The listing represents a significant milestone for Ethiopia’s financial market reforms as authorities seek to deepen capital markets and expand investment opportunities within one of Africa’s largest economies.
The state-owned telecommunications operator offered 100 million shares during the IPO process, eventually raising approximately 3.2 billion birr, equivalent to around $20 million.
However, demand fell below initial expectations, with less than 11% of the total shares offered being sold to investors.
Company executives had previously indicated that participation limitations affected the outcome of the offering.
Restrictions preventing institutional investors and members of Ethiopia’s diaspora community from participating in the share sale reduced the available investor base and constrained capital raising efforts.
The listing nevertheless represents a notable development for Ethiopia’s emerging securities market.

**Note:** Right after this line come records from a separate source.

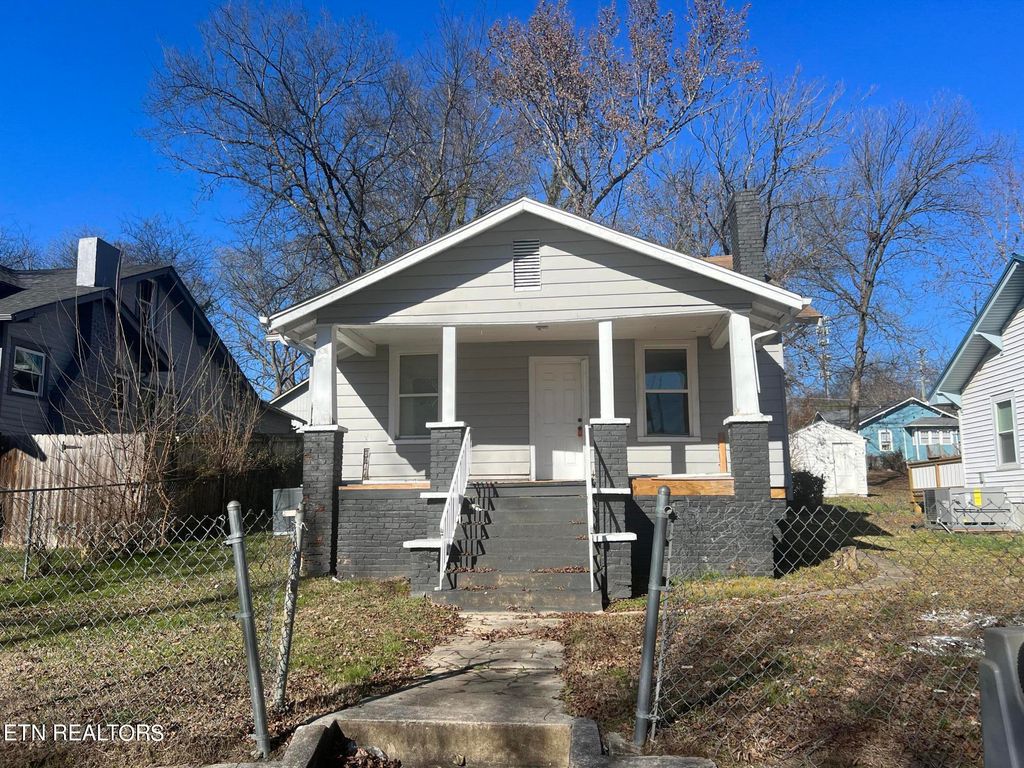 2439 Jefferson Ave, Knoxville, TN 37917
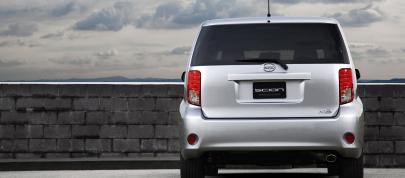 Scion xB (2011) - picture 28 of 36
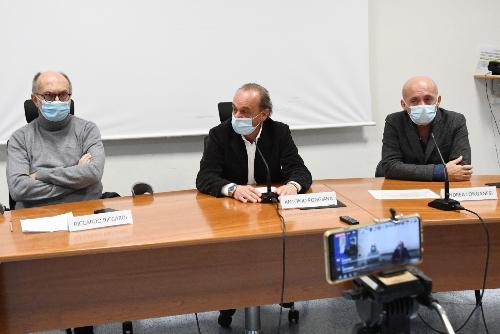 Il vicegovernatore Riccardi con i vertici di Asugi: il direttore generale Antonio Poggiana e il direttore sanitario Andrea Longanesi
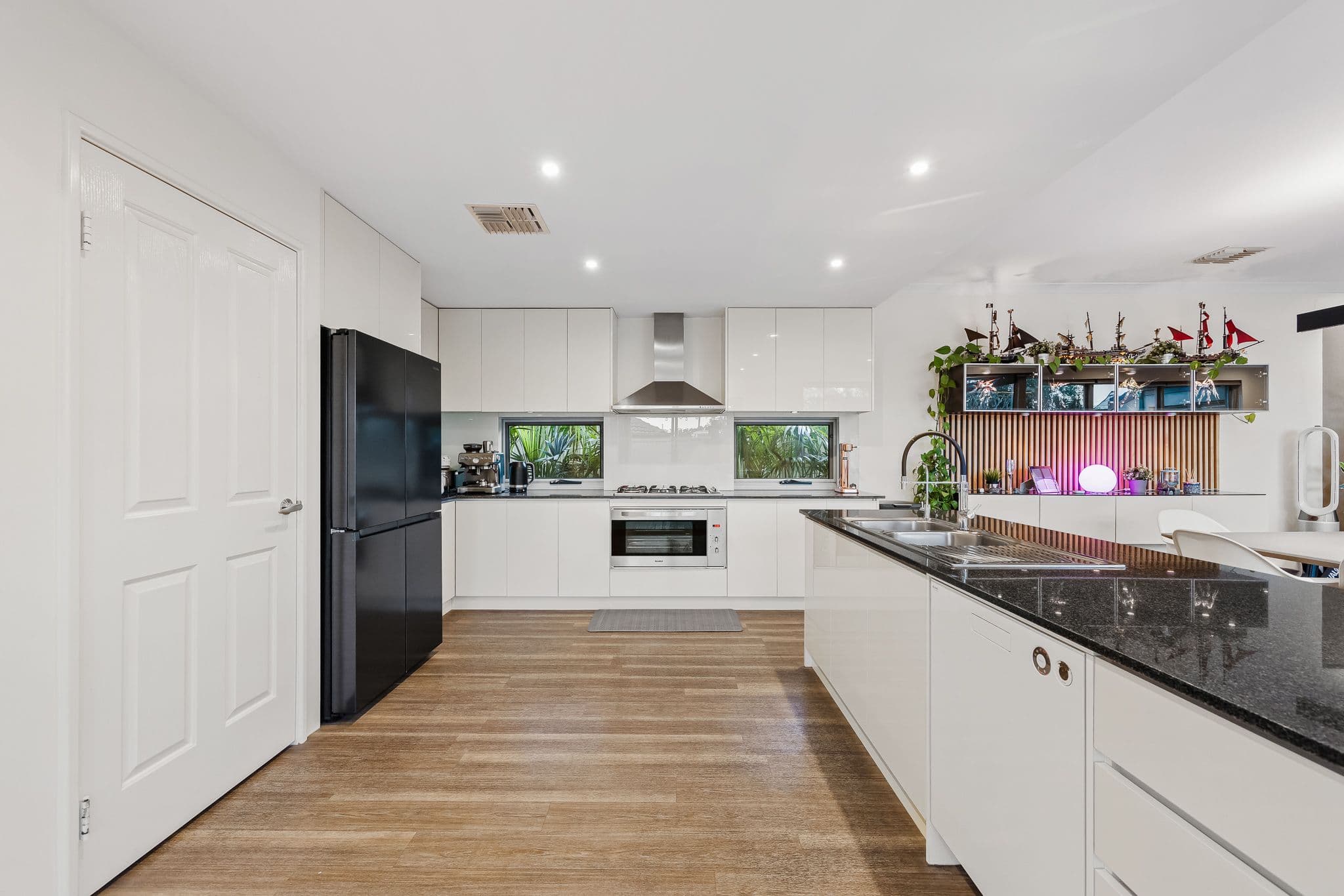 155B Kew Street, Kewdale WA 6105, Kewdale - Thumbnail 5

Ethio Telecom becomes the fourth company to join the country’s main exchange platform, following earlier listings involving Wegagen Bank, Gaada Bank and Awash Bank.
Those financial institutions entered the market through listing-by-introduction arrangements rather than public share offerings.
The debut of Ethio Telecom is expected to attract additional attention toward Ethiopia’s broader privatization agenda and efforts to modernize its financial sector.
Authorities have increasingly pursued economic reforms aimed at opening sectors of the economy to private investment while strengthening domestic capital markets.
The listing may also serve as an important test for future public offerings as Ethiopia continues efforts to broaden investor participation and build a more active securities market.